As we have argued throughout the course of the Bill, most MPs across the House would accept that developers should make an adequate contribution to infrastructure costs in return for receiving permission to build, but the planning gain supplement is not the way to achieve that. As the Estates Gazette argued forcefully about the planning gain supplement in December 2006:

"Of course it won't work. It didn't work the five times it was tried in the past century and it won't work now."

In advocating the Bill tonight, the Government are asking the House to commit an unlimited sum in preparation for an unpopular tax that does not itself guarantee that the full proceeds of any development will return to the area in question, and which in Scotland and Wales does not guarantee that anything at all will be returned to the affected locality.

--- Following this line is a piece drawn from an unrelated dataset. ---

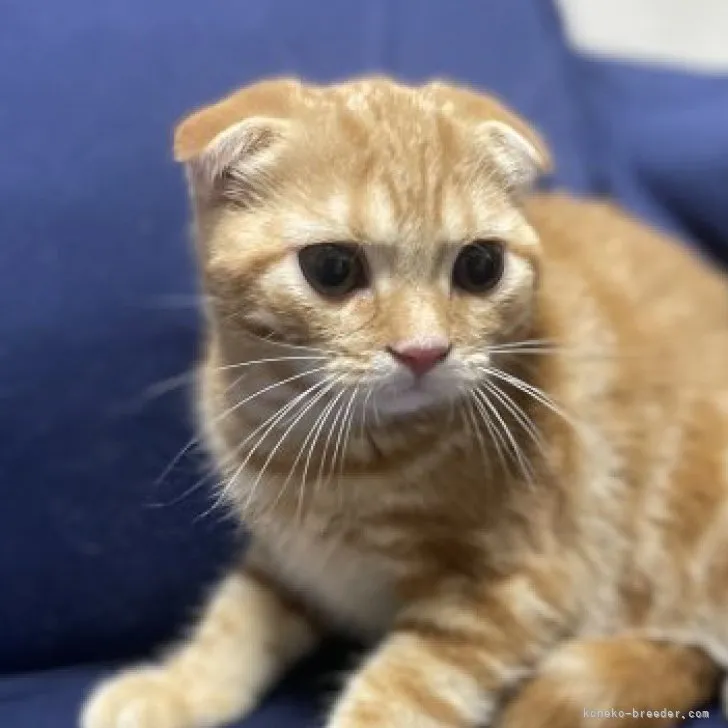 ID：2307-03617の子猫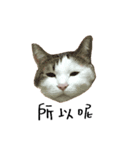 lovely cat emoji（個別スタンプ：3）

Perhaps that is part of the reason why so many organisations oppose the planning gain supplement. To remind the Minister, the Confederation of British Industry does not want it. The Institute of Directors does not want it. The British Property Federation does not want it. The Scottish Property Federation does not want it. The Royal Institution of Chartered Surveyors does not want it. The Royal Town Planning Institute does not want it. The Chartered Institute of Taxation does not want it. The House Builders Federation does not want it. The National Housing Federation wants it, but only if it does not apply to the federation. The Scottish Executive might want it, but only if it does not apply in Scotland. The Labour Housing Group does not want it if it applies to Cornwall, Cumbria, Derbyshire or Yorkshire. The right hon. Member for Greenwich and Woolwich does not want it to apply anywhere at all, and nor does my right hon. Friend Mr. Gummer—he would not want it even if it applied only to Protestants. No one wants it except the Treasury, and even the Treasury is not sure whether it wants it at all.

Despite that wall of opposition, the Government's hesitation and the fact that they have downgraded their proposal from a definite way forward to only a lead option, the Minister still had the neck to ask the Commons to vote Supply of more than £50 million to prepare for the introduction of a tax with which the Treasury might never proceed. All that money might eventually be wasted, not least because the Minister assured us earlier that any IT procured would not be used for anything else.

The Conservatives oppose the Bill, and the planning gain supplement to which it relates. We have stated clearly that if the Government are foolish enough to try to introduce a planning gain supplement, an incoming Conservative Government will repeal it. I hope that the House will spare us the trouble and put the Treasury out of its misery by voting against this benighted measure.